The maximum voltage rating for the ATmega328 is actually 6.0V, but I might hesitate to power an Arduino directly from that. A quick and simple approach might be to put a diode like a 1N400x in series with the battery, it'll drop about 0.7 volts, things will still be a bit on the high side but I think should be OK. Or use two diodes, that'll get it down into the 4.5V range, where the MCU should still operate OK at 16MHz. Depending on the motor, I'd be prepared to provide some additional filtering, if the motor generates a lot of noise it's possible it could cause the MCU some difficulties. So I might try it without the motor running first if that's possible. If things look good that way, then put the motor back in the mix.

The series diode solution is simple, but bear in mind that when the SLA battery is on charge it will have nearly 7 volts across it, so you need to take account of this unless the Arduino is always disconnected during charging. I would use a 5v low dropout regulator such as the TL750L05CLPRE3 instead.

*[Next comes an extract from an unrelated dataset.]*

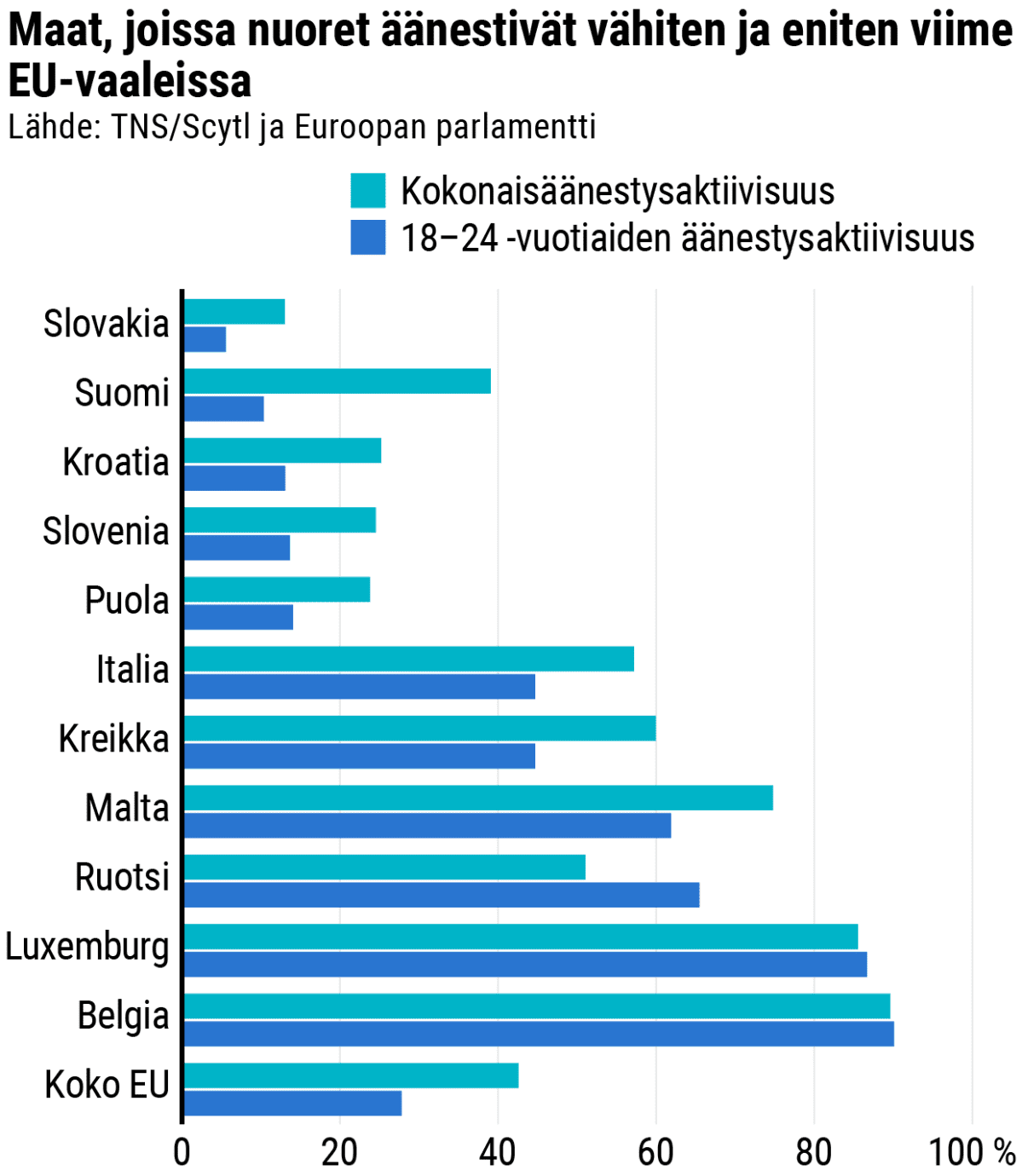 Pylväsdiagrammi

dc42: The series diode solution is simple, but bear in mind that when the SLA battery is on charge it will have nearly 7 volts across it, so you need to take account of this unless the Arduino is always disconnected during charging. I would use a 5v low dropout regulator such as the TL750L05CLPRE3 instead.

Mmmm, good point!

Hmm, I was under the impression that 6v was the lower limit (I'm using a nano, if that makes any difference) like it says on the nano spec page. Is there something I'm missing here? On the page, it says its recommended input voltages are 7-12v.

EDIT: The battery will always be disconnected when charging.

I'd just use the built in regulator. Worst case the 6v battery actually runs at 6v and the 2v dropout on the regulator gives you 4v. Every 328 chip I've run into (as well as every jeenode on the planet) runs happily at 3.3v 16mhz, 4v shouldn't be an issue.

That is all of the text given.